An appeals court in Trinidad and Tobago has recriminalised consensual same-sex relations in the country, reversing a landmark decision made by the High Court in 2018.
Jason Jones, an LGBTQ+ activist from Trinidad and Tobago now residing in the UK, challenged Sections 13 and 16 of the country’s Sexual Offences Act in 2017, claiming they were unconstitutional. The High Court had agreed, ruling that the laws violated the rights of LGBTQ+ individuals.
However, the move was appealed by the Attorney General, leading the Court of Appeal to reinstate the criminalisation, though with a reduced sentence of five years’ imprisonment as opposed to the original 25 years.

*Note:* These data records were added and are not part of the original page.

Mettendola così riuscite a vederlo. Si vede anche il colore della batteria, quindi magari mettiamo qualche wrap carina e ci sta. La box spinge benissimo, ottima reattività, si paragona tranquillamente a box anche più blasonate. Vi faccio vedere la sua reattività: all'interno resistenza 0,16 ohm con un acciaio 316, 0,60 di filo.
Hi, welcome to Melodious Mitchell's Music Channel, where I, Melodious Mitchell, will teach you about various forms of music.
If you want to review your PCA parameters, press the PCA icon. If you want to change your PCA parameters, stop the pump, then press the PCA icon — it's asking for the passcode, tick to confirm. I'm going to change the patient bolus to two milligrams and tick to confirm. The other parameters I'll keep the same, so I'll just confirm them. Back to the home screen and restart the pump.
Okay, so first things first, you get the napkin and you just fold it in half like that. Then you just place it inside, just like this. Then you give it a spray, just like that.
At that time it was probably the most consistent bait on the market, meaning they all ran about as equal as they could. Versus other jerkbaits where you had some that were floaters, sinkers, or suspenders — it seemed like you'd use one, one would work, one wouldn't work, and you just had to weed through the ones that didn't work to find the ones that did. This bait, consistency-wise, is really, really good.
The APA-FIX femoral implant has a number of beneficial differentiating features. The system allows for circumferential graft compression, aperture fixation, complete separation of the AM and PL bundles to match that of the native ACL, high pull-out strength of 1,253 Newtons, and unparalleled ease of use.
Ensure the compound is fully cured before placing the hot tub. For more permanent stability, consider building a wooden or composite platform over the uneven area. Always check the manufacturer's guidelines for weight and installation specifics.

In response to the ruling, Jones expressed his disappointment on social media, stating, “As an LGBTQ+ citizen of Trinidad and Tobago, this regressive judgment has ripped up my contract as a citizen of T&T and again makes me an unapprehended criminal in the eyes of the law.”

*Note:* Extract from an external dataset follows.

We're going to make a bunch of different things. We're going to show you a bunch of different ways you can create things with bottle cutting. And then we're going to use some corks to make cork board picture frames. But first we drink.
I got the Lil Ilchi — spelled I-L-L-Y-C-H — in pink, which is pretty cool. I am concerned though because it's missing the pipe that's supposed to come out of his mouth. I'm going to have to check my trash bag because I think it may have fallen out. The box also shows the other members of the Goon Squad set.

He added, “The TT Court of Appeal has effectively put a target on the back of LGBTQIA+ people and made us lower-class citizens in our own country.”
He further criticised the nation’s continued adherence to colonial-era laws, writing, “We can no longer claim to be a ‘Republican’ nation when we still enshrine and protect BRITISH COLONIAL LAWS using the savings law…”
The Court of Appeal acknowledged that these laws “are not reasonably justifiable in a society that has proper respect for the rights and freedoms of the individual,” but argued that the country’s savings law clause prevented the laws from being invalidated.
The savings law clause, a remnant of the colonial era, protects laws predating the country’s independence from being challenged on constitutional grounds. Critics, including Outright International, have condemned the ruling, accusing the state of prioritising political expediency over human rights.
The savings law clause has been used to protect other outdated laws, such as those concerning the death penalty, and has hindered legal progress across the Caribbean. This clause is also present in the Independence Constitutions of Jamaica, Guyana, The Bahamas, Belize, and Barbados.